◆ What you will do ◆
Every line of the entries that holds the word "with" is to be copied.
==== Available data
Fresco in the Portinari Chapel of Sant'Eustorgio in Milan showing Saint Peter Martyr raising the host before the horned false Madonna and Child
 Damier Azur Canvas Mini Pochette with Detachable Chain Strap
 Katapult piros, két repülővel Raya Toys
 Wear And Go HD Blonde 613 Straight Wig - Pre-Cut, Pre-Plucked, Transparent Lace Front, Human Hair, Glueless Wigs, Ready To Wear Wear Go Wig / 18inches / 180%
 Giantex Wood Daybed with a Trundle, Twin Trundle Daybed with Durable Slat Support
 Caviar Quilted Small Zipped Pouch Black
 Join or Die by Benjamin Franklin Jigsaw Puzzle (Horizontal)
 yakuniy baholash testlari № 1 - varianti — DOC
========
◆ Final answer ◆
 Damier Azur Canvas Mini Pochette with Detachable Chain Strap
 Giantex Wood Daybed with a Trundle, Twin Trundle Daybed with Durable Slat Support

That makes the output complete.